### [Exercise brief]
This task calls for the lines below starting at the one containing "Welcome back to our" and ending at the one containing "And there we", repeated exactly with both ends kept and pictures left out.

### [Listed entries]
::::
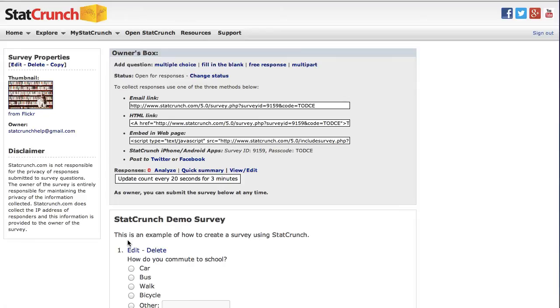The email link option provides a website URL that any individual can use to take the survey. The HTML link option provides code that can be placed into an HTML document as a way of linking directly to the survey.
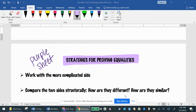Hey guys, welcome to today's lesson on 5.2 Day 1: Reciprocal, Quotient, and Pythagorean Identities, and how to use them to prove that an equality is true.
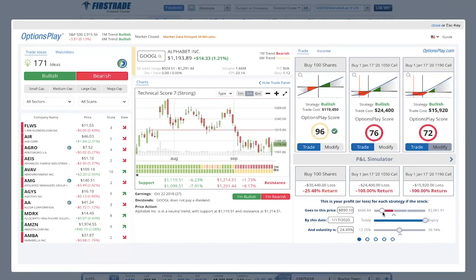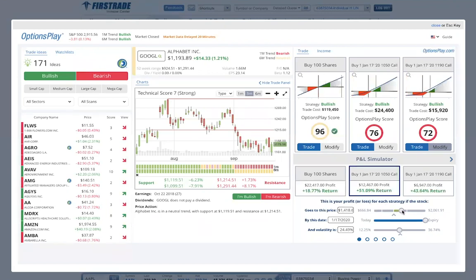Conversely, if Google drops to $700 — a catastrophic scenario — buying the stock loses $50,000, the deep in-the-money LEAP loses $24,000, and the at-the-money LEAP loses $15,000. This gives you the tools to model all different scenarios — whether the stock goes higher or lower — to see exactly what your expected return and expected losses are. Generally, a deep in-the-money call costing roughly 20% of the underlying cost will give you a risk profile similar to buying the stock, with limited risk in a catastrophic move.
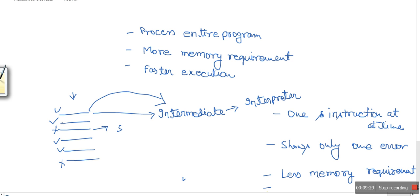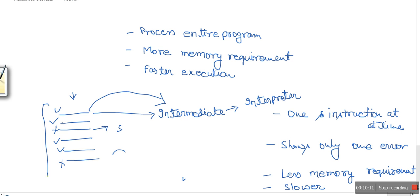Every time you want to execute interpreted language code, each instruction has to be converted into intermediate code and then executed, so execution is slower compared to a compiled language. In a compiled language, once the code is compiled you can easily execute it and that execution is faster. But with an interpreter, the same process has to be repeated again and again. These are the key differences between compiler and interpreter.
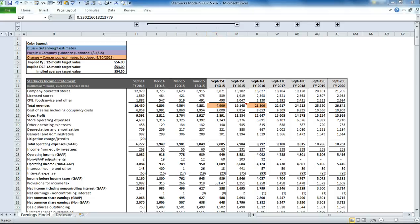This video is a demonstration of our Starbucks earnings model. Please keep in mind that this model was created prior to the fiscal fourth quarter 2015 earnings release and that the values shown will update, so please check our website, gutenbergresearch.com, for the latest details.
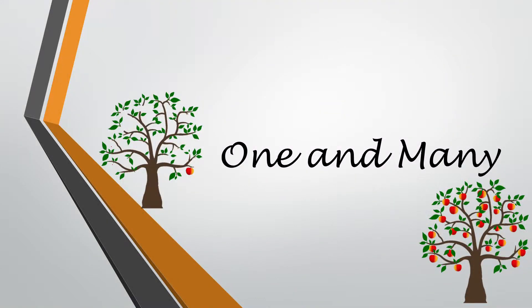Hello, good morning. Did you revise one and many? Last time we learned something new, right?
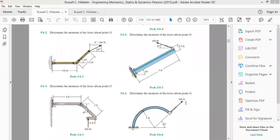Welcome back to our next class on force system resultants. In the previous class we discussed torque and the moment, and the way of calculating them. Let's solve a few more questions before proceeding to the next topic.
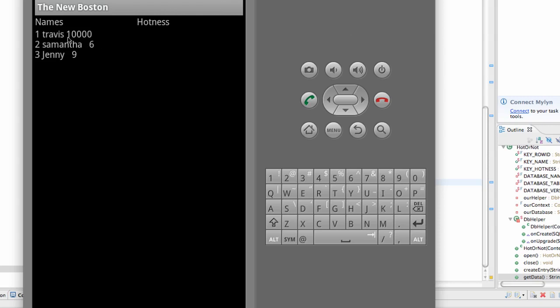I'm just kidding. But yeah, it looks like our database is working. That's the entry from a tutorial ago, or a couple tutorials ago, and it still saved it to our database.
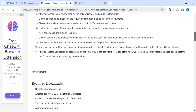The corresponding officer will verify your application and documents and forward it to the National Medical Council of India. After successful verification, the National Medical Council will issue the Good Standing Certificate either via post or through your registered email ID. This process takes up to 15 to 30 days to complete.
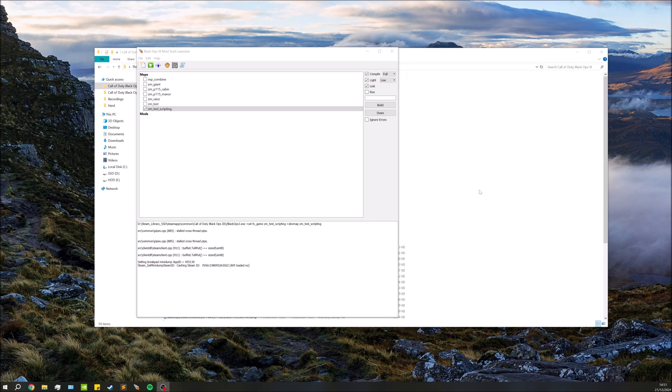Hey guys, Matt here, welcome back to the Blackout Stream mod tools scripting series. In this video we're going to be focusing on moving objects. The example for this video is going to be a drawer — like a desk — where you can go up to the desk, open up the drawer, and then pick up an item out of that drawer, so it requires us to move a few objects.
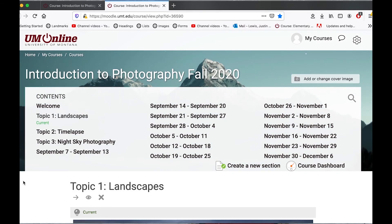And there we have it. I have all the content from my spring 2020 course imported into my fall 2020 course.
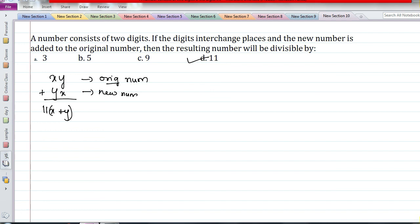These are some of the common questions asked under the category of reversing a two-digit number. If you have any further questions on this topic that you're not able to solve, feel free to contact us through WhatsApp, Telegram, or email — all details are in the description below. Please join us on Telegram and WhatsApp, subscribe to the channel, share with your friends and colleagues, and provide your suggestions in the comments. Thanks for watching — see you all, bye bye.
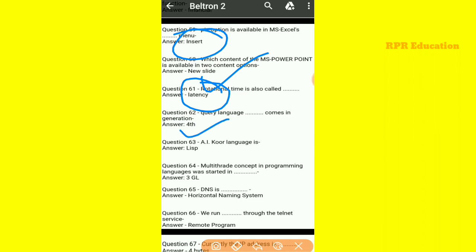The AI core language which is LISP language. And the multi-thread concept in programming language was started with multi-thread concept programming language. Next, DNS — the DNS is a hierarchical naming system.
::::
### [Result for this task]
Welcome back to our next class on force system resultants. In the previous class we discussed torque and the moment, and the way of calculating them. Let's solve a few more questions before proceeding to the next topic.
I'm just kidding. But yeah, it looks like our database is working. That's the entry from a tutorial ago, or a couple tutorials ago, and it still saved it to our database.
The corresponding officer will verify your application and documents and forward it to the National Medical Council of India. After successful verification, the National Medical Council will issue the Good Standing Certificate either via post or through your registered email ID. This process takes up to 15 to 30 days to complete.
Hey guys, Matt here, welcome back to the Blackout Stream mod tools scripting series. In this video we're going to be focusing on moving objects. The example for this video is going to be a drawer — like a desk — where you can go up to the desk, open up the drawer, and then pick up an item out of that drawer, so it requires us to move a few objects.
And there we have it. I have all the content from my spring 2020 course imported into my fall 2020 course.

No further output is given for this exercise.